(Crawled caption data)
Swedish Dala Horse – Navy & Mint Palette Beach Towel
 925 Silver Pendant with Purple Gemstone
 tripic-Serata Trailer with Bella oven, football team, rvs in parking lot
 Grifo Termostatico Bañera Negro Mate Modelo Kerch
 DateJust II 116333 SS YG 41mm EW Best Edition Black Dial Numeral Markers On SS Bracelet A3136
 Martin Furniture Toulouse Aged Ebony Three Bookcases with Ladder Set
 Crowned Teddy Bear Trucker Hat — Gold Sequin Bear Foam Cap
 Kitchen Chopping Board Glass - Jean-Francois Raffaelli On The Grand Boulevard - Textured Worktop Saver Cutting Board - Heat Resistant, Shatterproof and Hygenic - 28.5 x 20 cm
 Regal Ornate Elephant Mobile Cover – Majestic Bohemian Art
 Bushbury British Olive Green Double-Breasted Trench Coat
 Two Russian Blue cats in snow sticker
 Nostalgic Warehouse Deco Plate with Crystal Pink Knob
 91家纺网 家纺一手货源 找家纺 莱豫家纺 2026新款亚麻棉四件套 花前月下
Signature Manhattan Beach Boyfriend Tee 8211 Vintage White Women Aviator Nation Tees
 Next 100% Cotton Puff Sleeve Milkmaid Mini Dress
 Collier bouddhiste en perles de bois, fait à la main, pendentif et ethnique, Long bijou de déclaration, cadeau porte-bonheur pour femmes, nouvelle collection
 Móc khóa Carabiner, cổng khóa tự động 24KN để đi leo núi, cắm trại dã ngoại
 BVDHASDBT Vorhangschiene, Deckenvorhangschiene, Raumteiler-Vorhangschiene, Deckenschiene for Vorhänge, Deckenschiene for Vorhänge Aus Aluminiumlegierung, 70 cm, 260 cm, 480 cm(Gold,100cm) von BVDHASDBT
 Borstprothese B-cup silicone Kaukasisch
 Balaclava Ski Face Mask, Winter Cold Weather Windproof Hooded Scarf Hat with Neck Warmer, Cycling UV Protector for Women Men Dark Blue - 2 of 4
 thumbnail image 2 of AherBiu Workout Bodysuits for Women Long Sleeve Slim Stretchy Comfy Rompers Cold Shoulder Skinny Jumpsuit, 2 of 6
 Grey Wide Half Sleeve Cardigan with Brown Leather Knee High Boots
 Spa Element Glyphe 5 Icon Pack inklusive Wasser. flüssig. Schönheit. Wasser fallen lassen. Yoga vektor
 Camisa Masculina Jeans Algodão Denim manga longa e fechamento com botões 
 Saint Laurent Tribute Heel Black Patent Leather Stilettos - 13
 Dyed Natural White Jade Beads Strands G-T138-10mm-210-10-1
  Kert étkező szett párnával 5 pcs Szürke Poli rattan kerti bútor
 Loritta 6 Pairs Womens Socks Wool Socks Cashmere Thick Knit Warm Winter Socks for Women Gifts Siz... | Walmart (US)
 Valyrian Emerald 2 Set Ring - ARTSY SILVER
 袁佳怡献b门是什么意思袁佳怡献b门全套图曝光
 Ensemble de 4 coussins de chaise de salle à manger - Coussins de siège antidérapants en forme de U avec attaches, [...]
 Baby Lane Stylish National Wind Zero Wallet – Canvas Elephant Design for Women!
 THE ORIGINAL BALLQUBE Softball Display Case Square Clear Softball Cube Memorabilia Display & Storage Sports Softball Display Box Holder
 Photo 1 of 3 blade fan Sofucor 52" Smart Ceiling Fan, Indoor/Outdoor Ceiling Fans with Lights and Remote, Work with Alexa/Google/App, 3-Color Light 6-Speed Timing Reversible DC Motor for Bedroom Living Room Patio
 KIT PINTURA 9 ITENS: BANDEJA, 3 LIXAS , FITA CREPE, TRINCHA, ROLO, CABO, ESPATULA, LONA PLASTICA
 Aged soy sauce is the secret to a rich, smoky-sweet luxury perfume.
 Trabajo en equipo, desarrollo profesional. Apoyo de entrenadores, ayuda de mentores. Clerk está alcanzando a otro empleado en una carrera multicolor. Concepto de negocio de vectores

- Task directions
Your answer must be an exact copy of all the entries.

- Response
Swedish Dala Horse – Navy & Mint Palette Beach Towel
 925 Silver Pendant with Purple Gemstone
 tripic-Serata Trailer with Bella oven, football team, rvs in parking lot
 Grifo Termostatico Bañera Negro Mate Modelo Kerch
 DateJust II 116333 SS YG 41mm EW Best Edition Black Dial Numeral Markers On SS Bracelet A3136
 Martin Furniture Toulouse Aged Ebony Three Bookcases with Ladder Set
 Crowned Teddy Bear Trucker Hat — Gold Sequin Bear Foam Cap
 Kitchen Chopping Board Glass - Jean-Francois Raffaelli On The Grand Boulevard - Textured Worktop Saver Cutting Board - Heat Resistant, Shatterproof and Hygenic - 28.5 x 20 cm
 Regal Ornate Elephant Mobile Cover – Majestic Bohemian Art
 Bushbury British Olive Green Double-Breasted Trench Coat
 Two Russian Blue cats in snow sticker
 Nostalgic Warehouse Deco Plate with Crystal Pink Knob
 91家纺网 家纺一手货源 找家纺 莱豫家纺 2026新款亚麻棉四件套 花前月下
Signature Manhattan Beach Boyfriend Tee 8211 Vintage White Women Aviator Nation Tees
 Next 100% Cotton Puff Sleeve Milkmaid Mini Dress
 Collier bouddhiste en perles de bois, fait à la main, pendentif et ethnique, Long bijou de déclaration, cadeau porte-bonheur pour femmes, nouvelle collection
 Móc khóa Carabiner, cổng khóa tự động 24KN để đi leo núi, cắm trại dã ngoại
 BVDHASDBT Vorhangschiene, Deckenvorhangschiene, Raumteiler-Vorhangschiene, Deckenschiene for Vorhänge, Deckenschiene for Vorhänge Aus Aluminiumlegierung, 70 cm, 260 cm, 480 cm(Gold,100cm) von BVDHASDBT
 Borstprothese B-cup silicone Kaukasisch
 Balaclava Ski Face Mask, Winter Cold Weather Windproof Hooded Scarf Hat with Neck Warmer, Cycling UV Protector for Women Men Dark Blue - 2 of 4
 thumbnail image 2 of AherBiu Workout Bodysuits for Women Long Sleeve Slim Stretchy Comfy Rompers Cold Shoulder Skinny Jumpsuit, 2 of 6
 Grey Wide Half Sleeve Cardigan with Brown Leather Knee High Boots
 Spa Element Glyphe 5 Icon Pack inklusive Wasser. flüssig. Schönheit. Wasser fallen lassen. Yoga vektor
 Camisa Masculina Jeans Algodão Denim manga longa e fechamento com botões 
 Saint Laurent Tribute Heel Black Patent Leather Stilettos - 13
 Dyed Natural White Jade Beads Strands G-T138-10mm-210-10-1
  Kert étkező szett párnával 5 pcs Szürke Poli rattan kerti bútor
 Loritta 6 Pairs Womens Socks Wool Socks Cashmere Thick Knit Warm Winter Socks for Women Gifts Siz... | Walmart (US)
 Valyrian Emerald 2 Set Ring - ARTSY SILVER
 袁佳怡献b门是什么意思袁佳怡献b门全套图曝光
 Ensemble de 4 coussins de chaise de salle à manger - Coussins de siège antidérapants en forme de U avec attaches, [...]
 Baby Lane Stylish National Wind Zero Wallet – Canvas Elephant Design for Women!
 THE ORIGINAL BALLQUBE Softball Display Case Square Clear Softball Cube Memorabilia Display & Storage Sports Softball Display Box Holder
 Photo 1 of 3 blade fan Sofucor 52" Smart Ceiling Fan, Indoor/Outdoor Ceiling Fans with Lights and Remote, Work with Alexa/Google/App, 3-Color Light 6-Speed Timing Reversible DC Motor for Bedroom Living Room Patio
 KIT PINTURA 9 ITENS: BANDEJA, 3 LIXAS , FITA CREPE, TRINCHA, ROLO, CABO, ESPATULA, LONA PLASTICA
 Aged soy sauce is the secret to a rich, smoky-sweet luxury perfume.
 Trabajo en equipo, desarrollo profesional. Apoyo de entrenadores, ayuda de mentores. Clerk está alcanzando a otro empleado en una carrera multicolor. Concepto de negocio de vectores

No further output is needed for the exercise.